It’s funny what some people find offensive. That’s funny-peculiar, not funny-ha-ha. Newtownabbey Borough Council have found a dramatic performance by the Reduced Shakespeare Company offensive without ever having attended a performance. I think all critics should take note: you don’t have to go to the film/play or read the book or visit the art gallery. Just get somebody to tell you about a wee bit of it.
I caught part of a radio interview with one of the objecting (as distinct from objectionable) people. He said the Reduced Shakespeare Company had described themselves as “putting the fun in fundamentalism”. This, the objecting man said, was objectionable and offensive. Blank the play from your mind for a moment and think about that. If you don’t fall over the back of the sofa laughing you’re probably so dull-witted you should stand for election to Newtownabbey Borough Council.
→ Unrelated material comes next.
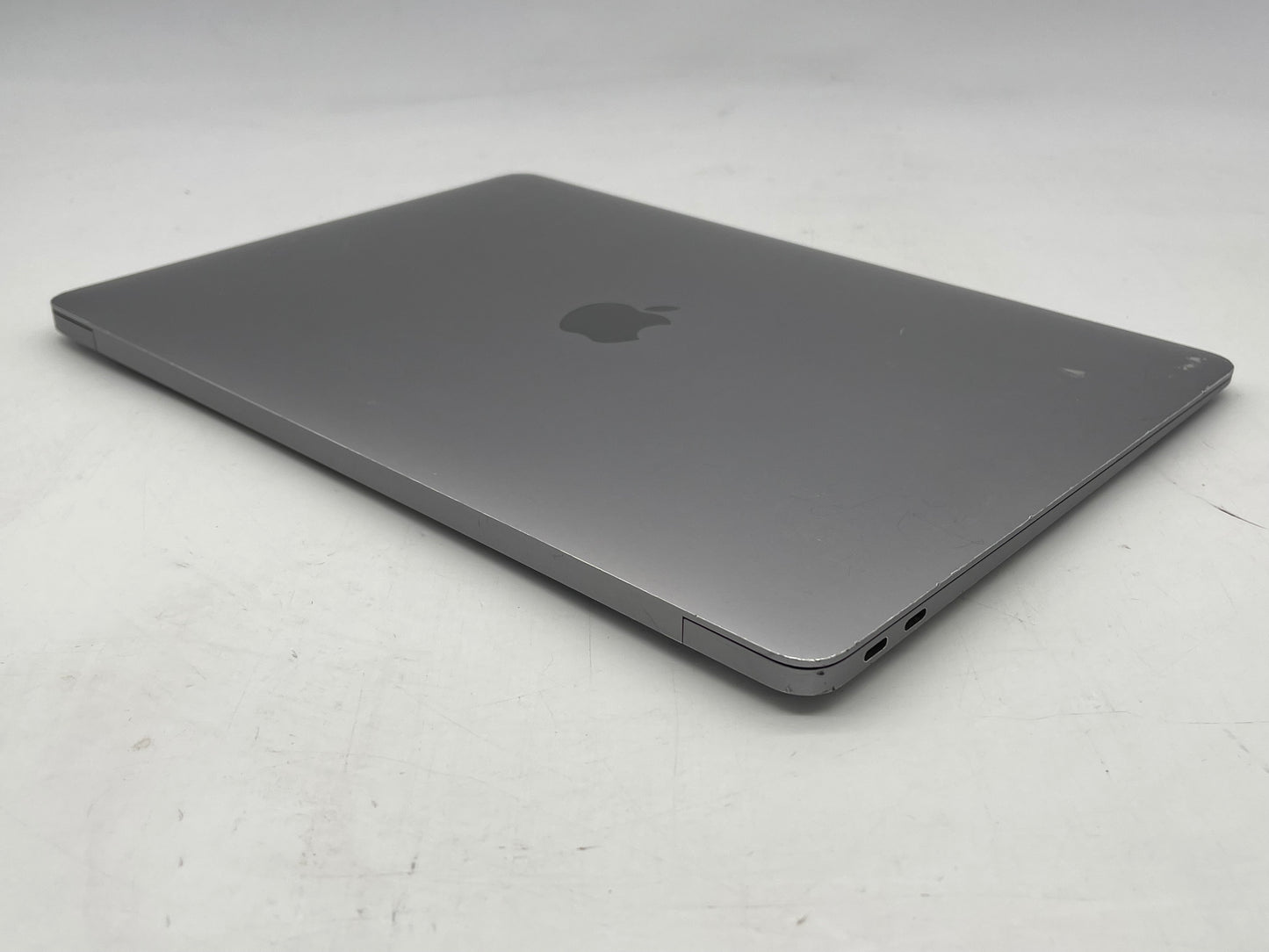 Apple 2018 MacBook Air 13 in 1.6GHz Dual-Core i5 8GB RAM 128GB SSD - Very Good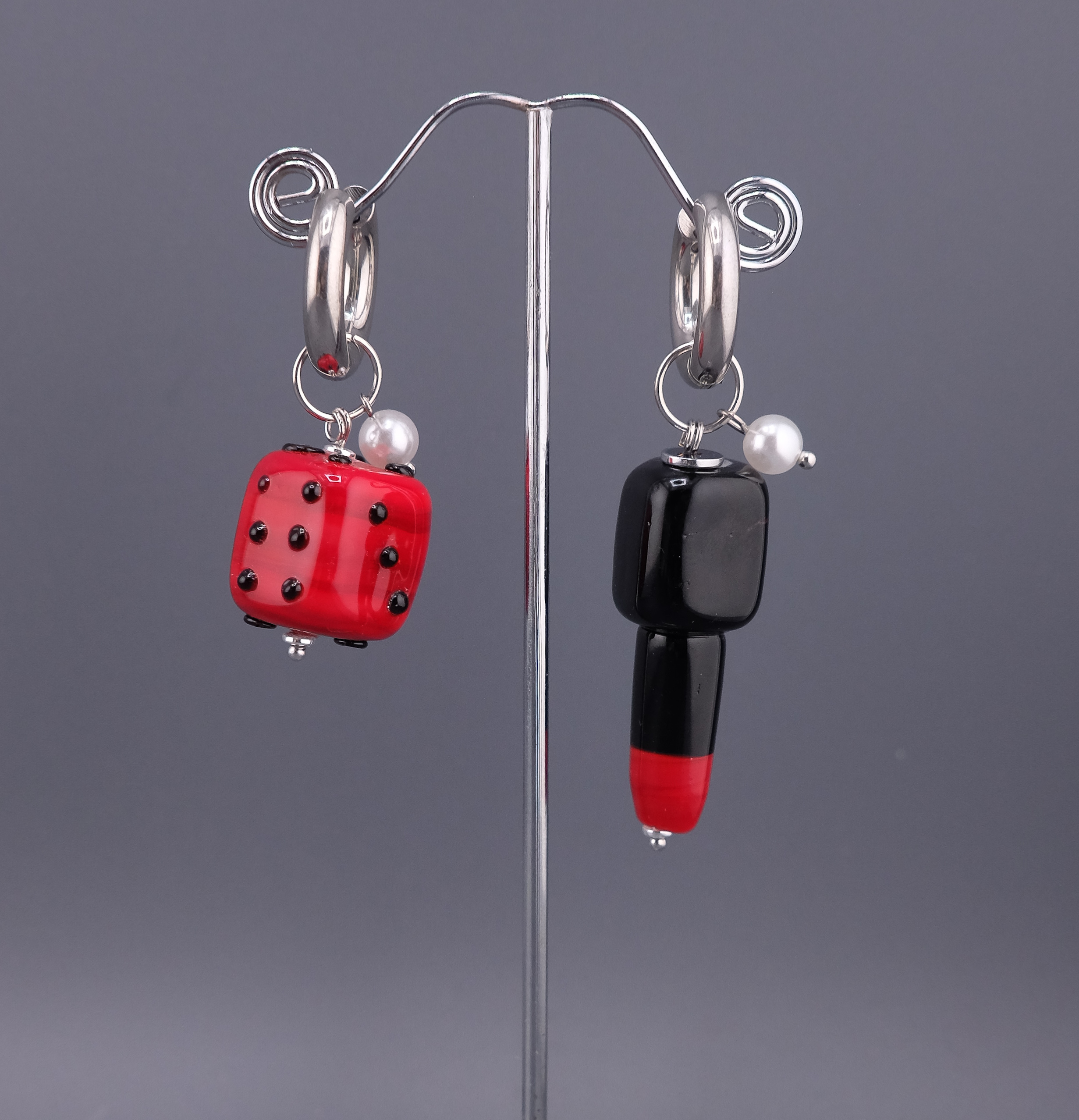 Серьги Помада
Actually, despite what I’ve said, when you stand back far enough, this isn’t funny at all. What it’s saying is that what is moral and not moral can be decided by a small group. In other words, this small group knows what God wants whereas you don’t. Not content with doing themselves what they believe God wants, they are determined that everybody else, or as many people as they can arrange it for, will do what God wants. Or what they think God wants.
I’m prepared to bet that a number of the people objecting to the play – that is, intent on forcing the rest of us to follow their notion of good (which of course means it’s not good at all, because you can’t do good or bad when you’re being forced to do something – moral actions must involve choice) …Where was I? Oh yes, that bet. I’ll bet at least some of those objectionable objectors believe that, as a practising Catholic, I will burn in hell for all eternity. And if you’re a practising Catholic, so will you. And so probably will most of the other people in the world, Catholic or otherwise, who don’t share the religious convictions of the objectors. Call me old-fashioned but I find that objectionable. If I could I’d ban such opinions. Holier-than-thou is one thing, but this verges on moral fascism.
A final thought: all this is very, very good for the Reduced Shakespeare Company. Why? Because somehow, somewhere, that show of theirs is going to be put on, either in Newtownabbey or outside it, and people otherwise not interested in theatre are going to be lining up to see it. They owe Newtownabbey Borough Council a huge vote of thanks. You couldn’t buy this kind of publicity.